広島柳生会

正傳新陰流 広島柳生会

剣道の修業の一環として新陰流・制剛流抜刀術を伝承する広島柳生会の日常の稽古風景や出来事を掲載する。

7月最後の日曜日稽古会・・・剣道特別稽古そして齋藤君の送出し・・・。

令和五年7月30日、7月最後の日曜日稽古会は、先ずは剣道七段挑戦者の為の剣道特別稽古から始めました。

小生の延岡遠征やら彼の職務の事も重なり、前回稽古から少し感覚が空いて仕舞いました。夏真っ盛りの猛暑の中での稽古会でありました。

今日只今のその日一回しか打たない剣道形・・・将に一本勝負の形であります。呼吸法を一つとし、太刀七本、小太刀三本を打ち切りました。少し間隔が空いた事もあり、猛暑もあり・・・呼吸が途切れがちの仕太刀でありました。・・・ここは我慢の為所であります。息が詰まって、倒れても止む無し・・・この気迫が必要です。地稽古で息が途切れては、打たれるだけであります。形は、地稽古の如く。別物と成っては、駄目であります。形、地稽古は一つです。

そして、緩急強弱の使い分けです。使いこなす・・・その事を意識して遣いこなす・・・一本の形にその術理が込められております。

蹲踞そして立ち上がりは、之までの修行の成果が出て来ておりました。蹲踞の大切さを意識してない者が、殆どですが・・・小生が、常に大切にしている事であります。

形を打ち終わり、少し言葉を添え、今回の良かった処そして課題を伝えました。冷茶で一服し、水分補給を行い地稽古を行いました。

先ずは10本の気を込めた面打ちであります。之だけでやり様によっては、基本稽古は充分であります。・・・呼吸を整えて貰い、地稽古となりました。

昇段試験を受ける者は、如何しても先ず打ちたいと言う気持ちが先行して、打ちでは無く、当てに成る帰来があります。打ちと当て・・・似て非なる物であります。

地稽古の際にもその傾向が如何しても拭いきれずに出た面打ちがありました。剣先を少し緩め、左小手に添えて、その面打ちを当てさせ・・・無視をしました。その気配で七段挑戦者は、何かを感じた様でありました。

当たったのに認めて貰え無かったばかりか、無視をされた・・・次からはその傾向の面打ちには、弛めぬ剣先が立ちはだかり、咽喉部(突きの位置)を制せられ、打ち其の其の物を砕かれて仕舞う。
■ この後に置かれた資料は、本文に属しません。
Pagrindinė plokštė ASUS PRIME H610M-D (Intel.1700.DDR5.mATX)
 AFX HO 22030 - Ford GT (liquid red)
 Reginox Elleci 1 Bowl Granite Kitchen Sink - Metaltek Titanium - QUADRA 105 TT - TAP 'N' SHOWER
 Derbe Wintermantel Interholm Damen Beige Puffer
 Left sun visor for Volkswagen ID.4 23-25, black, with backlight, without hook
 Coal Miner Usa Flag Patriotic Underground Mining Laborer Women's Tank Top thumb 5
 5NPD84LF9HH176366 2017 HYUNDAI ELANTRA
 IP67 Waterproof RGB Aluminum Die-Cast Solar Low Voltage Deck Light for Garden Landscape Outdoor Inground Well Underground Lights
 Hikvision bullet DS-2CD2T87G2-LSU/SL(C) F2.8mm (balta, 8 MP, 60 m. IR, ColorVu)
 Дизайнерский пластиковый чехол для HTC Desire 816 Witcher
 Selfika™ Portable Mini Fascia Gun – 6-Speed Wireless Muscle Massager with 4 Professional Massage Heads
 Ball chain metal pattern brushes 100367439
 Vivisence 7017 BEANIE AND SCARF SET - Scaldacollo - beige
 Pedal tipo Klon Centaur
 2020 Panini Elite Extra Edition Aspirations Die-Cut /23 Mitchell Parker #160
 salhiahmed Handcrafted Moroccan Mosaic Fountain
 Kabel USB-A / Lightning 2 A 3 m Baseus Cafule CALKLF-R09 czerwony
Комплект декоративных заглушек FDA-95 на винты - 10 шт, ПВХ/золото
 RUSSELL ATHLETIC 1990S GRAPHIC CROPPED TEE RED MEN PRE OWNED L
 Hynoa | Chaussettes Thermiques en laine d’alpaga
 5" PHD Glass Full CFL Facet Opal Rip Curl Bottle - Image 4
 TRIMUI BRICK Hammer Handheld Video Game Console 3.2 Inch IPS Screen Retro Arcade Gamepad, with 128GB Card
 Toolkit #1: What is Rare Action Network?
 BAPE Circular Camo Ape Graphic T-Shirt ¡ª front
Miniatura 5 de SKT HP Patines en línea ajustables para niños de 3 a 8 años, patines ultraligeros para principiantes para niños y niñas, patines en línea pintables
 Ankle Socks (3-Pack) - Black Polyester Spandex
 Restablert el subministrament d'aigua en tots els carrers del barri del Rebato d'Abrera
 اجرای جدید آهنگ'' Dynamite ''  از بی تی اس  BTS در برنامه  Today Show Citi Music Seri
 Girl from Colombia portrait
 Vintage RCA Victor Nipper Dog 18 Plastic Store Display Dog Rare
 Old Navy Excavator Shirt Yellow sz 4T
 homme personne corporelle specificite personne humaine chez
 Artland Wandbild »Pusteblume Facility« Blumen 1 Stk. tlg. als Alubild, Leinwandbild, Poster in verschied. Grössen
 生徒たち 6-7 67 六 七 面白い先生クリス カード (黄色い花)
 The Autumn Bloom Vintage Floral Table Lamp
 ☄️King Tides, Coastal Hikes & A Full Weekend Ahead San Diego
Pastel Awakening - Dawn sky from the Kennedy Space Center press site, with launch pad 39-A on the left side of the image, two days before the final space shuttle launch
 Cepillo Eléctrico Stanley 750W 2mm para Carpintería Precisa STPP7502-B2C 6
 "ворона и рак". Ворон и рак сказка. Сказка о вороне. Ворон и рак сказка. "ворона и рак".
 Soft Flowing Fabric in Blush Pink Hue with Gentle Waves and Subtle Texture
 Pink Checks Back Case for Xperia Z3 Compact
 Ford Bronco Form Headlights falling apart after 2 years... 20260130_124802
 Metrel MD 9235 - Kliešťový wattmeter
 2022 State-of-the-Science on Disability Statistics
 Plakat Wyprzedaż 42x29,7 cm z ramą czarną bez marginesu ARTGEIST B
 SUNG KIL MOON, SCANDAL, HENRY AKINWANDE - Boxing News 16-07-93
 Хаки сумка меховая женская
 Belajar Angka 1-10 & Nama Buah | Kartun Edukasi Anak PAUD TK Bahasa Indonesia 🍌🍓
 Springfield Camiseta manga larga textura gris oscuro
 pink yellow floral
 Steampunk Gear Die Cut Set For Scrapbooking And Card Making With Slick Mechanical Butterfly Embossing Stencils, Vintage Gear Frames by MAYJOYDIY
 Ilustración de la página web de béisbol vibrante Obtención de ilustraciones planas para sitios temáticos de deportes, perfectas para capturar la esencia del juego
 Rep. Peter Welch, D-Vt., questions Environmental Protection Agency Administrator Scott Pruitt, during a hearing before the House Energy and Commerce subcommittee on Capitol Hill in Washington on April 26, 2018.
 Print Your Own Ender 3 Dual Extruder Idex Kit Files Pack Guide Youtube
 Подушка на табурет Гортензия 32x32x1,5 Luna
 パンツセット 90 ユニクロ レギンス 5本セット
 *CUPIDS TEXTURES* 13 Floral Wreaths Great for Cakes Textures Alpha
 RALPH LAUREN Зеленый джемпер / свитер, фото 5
そして炸裂するような小手を打たれ、大波が打ち寄せる様な面打ちに飲み込まれ・・・身を捨てて打って行けば、剣道形五本目の様な摺り揚げ面に打ち取られる。

まるで剣道形の打太刀(負ける方)状態と成って仕舞う・・・打たれながら、汗にまみれた防具の中の顔は、何故にか喜びと爽快感に溢れておりました。

前半が終了する頃、齋藤君が出向いて来ました。道場に入り稽古中の我々の様子を突っ立て観ておりました・・・まだまだ作法も理解してない戯けであります。師の稽古の様子を観るに正座以外は有り得ません。延岡に同行させた小林君と言い、真の礼法をまだまだ身に付ける事が出来ておりません。決まり決まった事しか気が行きとどかぬ処は、この者達の未熟な処であります。之では恥ずかしくて誰も遠征などには同行させられません。

この日の稽古後は、之までの様に二か月余りの海上勤務に赴く齋藤君の送り出し稽古としました。

基本打込、本伝の太刀、真剣での抜刀と海上での一人稽古の課題を確りと認識させ、振り込ませ、遣わせました。

暑さに負けず、職務に励み、元気に帰って来る事を願って送出しました。